1. Field of the Invention

The invention relates to an apparatus for lifting a wafer from the surface of a pedestal in a semiconductor wafer processing system. More specifically, the invention relates to a lift pin that is guided by a guide bushing and a guide pin.

2. Description of the Background Art

A conventional semiconductor wafer processing system contains a reaction chamber within which a wafer is supported by a pedestal subsystem having a pedestal that cooperates with a lift pin assembly. A wafer transport robot operating in cooperation with a lift pin assembly positions the wafer above the pedestal. The robot moves the wafer into the chamber through a slit valve. The lift pins of the lift pin assembly extend above the surface of the pedestal and lifts the wafer from the robot arm. The lift pins are usually elevated, by a lift mechanism, to provide clearance for the robot blade of the robot arm. The lift mechanism, usually under control of a computer control system, then lowers the lift pins below the pedestal so that the wafer is placed onto the surface of the pedestal. The pedestal may either mechanically or electrostatically clamp, i.e., chuck, the wafer to the pedestal.

After the wafer is placed onto the support surface of the pedestal, the lift pins continue to descend into the pedestal to a fully retracted position. Then, the wafer is usually chucked and one or more semiconductor fabrication process steps are performed in the chamber, such as deposition or etching films on the wafer. After completion of the process steps, the lift mechanism extends the lift pins to raise the wafer above the pedestal so that the wafer can be removed from the chamber via the robotic transport. When using an electrostatic chuck, before the lift pins can raise the wafer, the wafer must be electrically dechucked, i.e., the electrostatic force retaining the wafer on the pedestal must be removed or canceled. However, even after applying a conventional dechucking method, a residual charge still remains on the wafer and pedestal due to charge migration and/or field emission charging. As such and without damaging the wafer, the lift pins must forcibly lift the wafer to separate the wafer from the pedestal.

Additionally, larger wafer sizes, e.g., 300 mm, are being used in semiconductor processing. Processing these wafers require longer lift pins to adequately provide clearance for robotic transport. Increasing the length of the lift pins increases the tendency for the lift pins to bow, especially with the additional lifting and clamping forces involved with larger wafers. The wafer can easily be damaged if unequal forces are exerted by separate lift pins.
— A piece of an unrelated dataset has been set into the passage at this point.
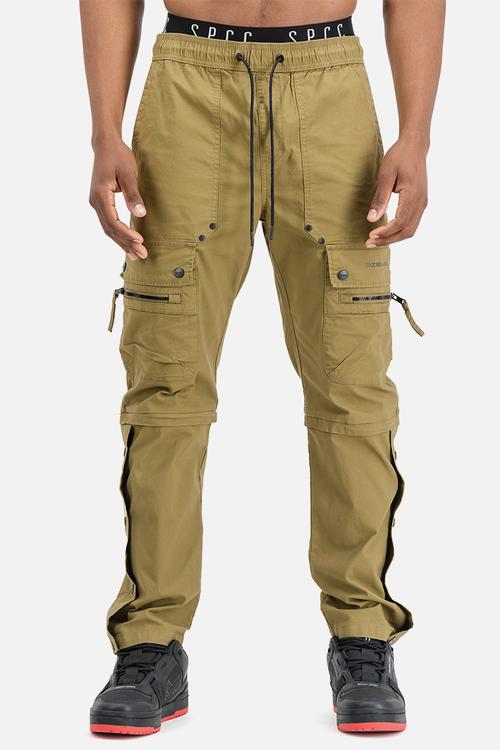 Recon Orren Cargo  - Mustard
Therefore, a need exists in the art for an improved lift pin guidance assembly that accurately guides a lift pin for receiving, lowering and lifting wafers.

SUMMARY OF THE INVENTION

The disadvantages heretofore associated with the prior art are overcome by an apparatus for lifting a wafer from the surface of a pedestal in a semiconductor wafer processing system. More specifically, the invention relates to a lift pin that is guided by a guide bushing and a guide pin.

Preferably, the lift pin is hollow and is slideably engaged with the guide pin. The guide pin is fixed relative to the pedestal. The lift pin, driven by an actuator, slides along the guide pin from a fully retracted position to a fully extended position. The lift pin travels in a perpendicular path relative to the surface of the wafer. The lift pin supports a wafer in the fully extended position to provide sufficient clearance between the wafer and the surface of the pedestal for a robotic transport to remove the wafer.

A guide bushing also guides the lift pin as the pin moves from a retracted position to an extended position, and vice versa. The guide bushing is located in the pedestal and surrounds the lift pin. Furthermore, the guide bushing forms a seal to protect the integrity of the chamber environment. The invention uses one or both of two embodiments for preventing the chamber environment from escaping through the lift pin bores. The embodiments are (1) a lift pin assembly having a lip seal formed by the guide bushing, and/or (2) a lift pin assembly having a bellows surrounding the lift pin and guide pin.

As a result of using the invention in a semiconductor wafer processing system, a wafer is accurately received, lowered and lifted from the surface of the pedestal without damaging the wafer or the circuitry and components fabricated thereon.

BRIEF DESCRIPTION OF THE DRAWINGS

The teachings of the present invention can be readily understood by considering the following detailed description in conjunction with accompanying drawings in which:

FIG. 1 depicts the lift pin guidance assembly of the present invention as used in a semiconductor wafer processing system;

FIG. 2 depicts a cross-sectional view of a portion of the lift pin guidance assembly of FIG. 1 with the lift pin fully retracted into the pedestal;

FIG. 3 depicts a cross-sectional view of a portion of the lift pin guidance assembly of FIG. 1 with the lift pin fully extended above the pedestal;

FIG. 4 depicts a vertical cross-sectional view of the lift pin guidance assembly having a bellows with the lift pin fully retracted; and

FIG. 5 depicts a vertical cross-sectional view of the lift pin guidance assembly having a bellows with the lift pin fully extended.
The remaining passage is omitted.